According to Bain & Company, cybersecurity has never been more essential, for four main reasons:
- Companies have more digital assets than they did 10 years ago, and these assets are worth more than they were before. These include client information, proprietary assets, including source code for products, automated business processes, sensitive communications with suppliers and partners and other data. The security around these assets can vary greatly depending on the perceived (as opposed to actual) financial and strategic value to the business, as well as the effectiveness of the security technologies and processes in place.
- Organisations are shifting to hybrid cloud architecture as they continue to adopt software, security and other solutions as services. Historically, digital assets were protected within the company’s data centre, where it was easier to guard the perimeter and manage user access, authorisation and authentication from known locations and devices. Today, corporate and customer data resides in the organisation’s own data centres as well as public and private clouds. While hybrid cloud architectures offer significant economic benefits, their adoption requires a more sophisticated approach to cybersecurity, according to Bain & Company.
- The pervasive use of mobile devices by staff and executives. Corporate IT now has to manage the security of many more platforms and devices, some owned by the company and others that belong to employees who use them under a bring-you-own-device (BYOD) plan. To manage cybersecurity effectively organisations will need to provide ubiquitous security across many devices and comprehensively manage user identity and access to sensitive corporate data.

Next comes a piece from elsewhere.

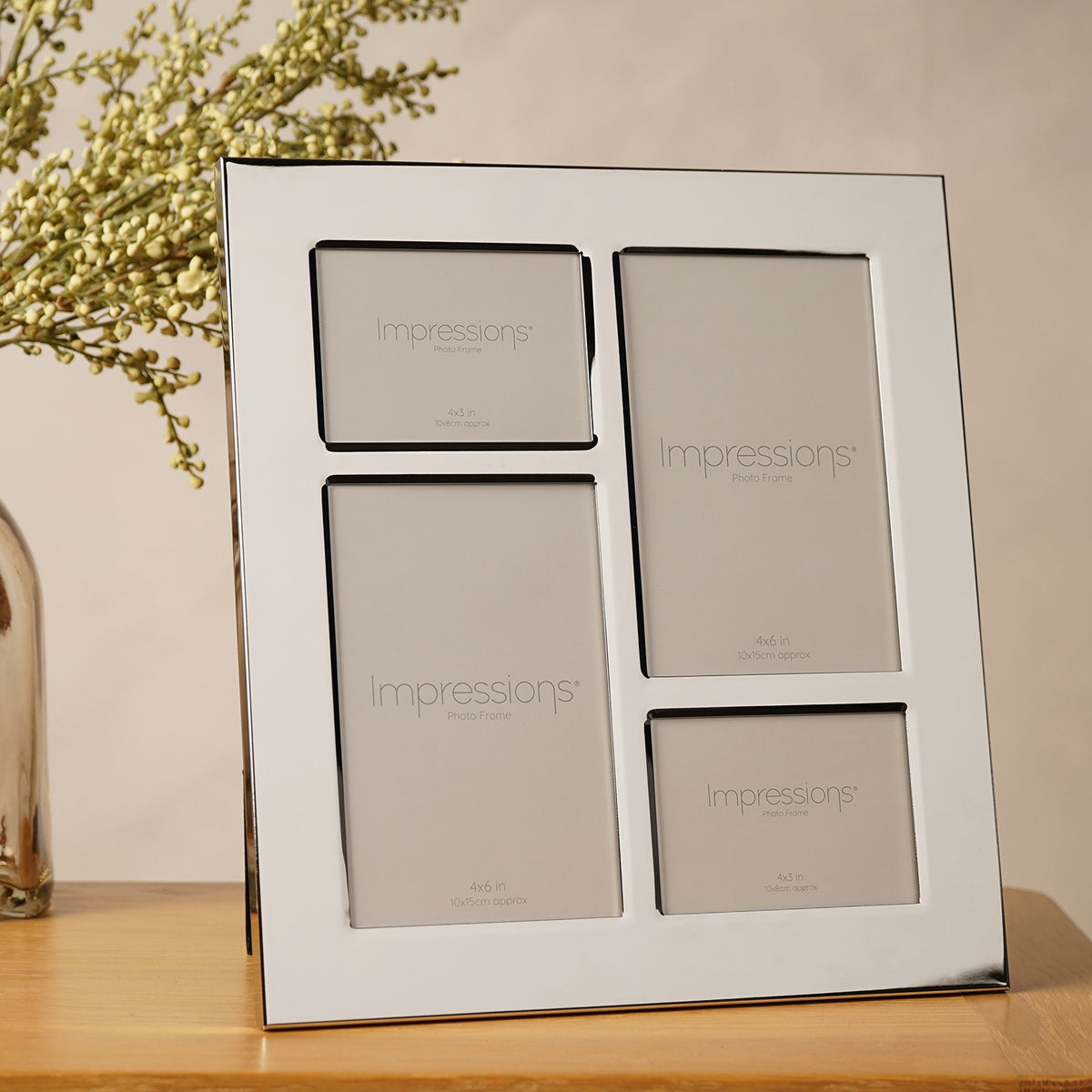 Impressions Shiny Metal Plated 4 Aperture Collage Frame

- Compliance remains the most important cybersecurity driver, especially for companies in regulated industries or with contractual obligations. In a recent Bain survey, more than 75% of CIOs identified compliance requirements as the main determinant of investment in IT security. Another recent survey of IT staff by ISACA found that outside of compliance obligations IT has insufficient resources and limited business engagement for effective risk management. These findings highlight the operational approach to cybersecurity taken by many organisations. Bain & Company argues that compliance should define the lower bound for security capabilities while the upper bound should aspire to meet the organisation’s strategic priorities, including IP protection, continuous operations and a secure corporate reputation.
Bain & Company suggests that leading organisations take a more strategic rather than an operational approach to security to respond to the new challenges. The key to successfully implementing this approach is to:
Understand the organisation’s key assets
Align business and IT leaders on the prioritisation of digital assets based on value and risk to the organisation to ensure the proper design of technology, processes and supporting resources. For example, customer data, point of sale and order management systems are a higher priority while marketing and promotion systems may be lower.
Identify the security risks and gaps
Assess current security capabilities and determine the likelihood of experiencing known and emerging risks. Business and IT leaders should then align on the gaps and the estimated mitigation costs.
Define the cybersecurity strategy
IT should create comprehensive technology, process and organisation designs and blueprints based on a thorough understanding of the organisation’s security priorities and gaps, with strategic and operational elements that protect digital assets.
Emphasise gaps, priorities and strategy to the CEO and board
Leadership should know the security related risks and gaps they face, so they can understand the importance of the investments required.
Engage recognised security specialists
As the threat landscape expands and attacks become more sophisticated, organisations should work closely with firms that can provide ongoing services to diagnosis, redesign and monitor their cybersecurity.
Adapted from a report by Emma McAleavey.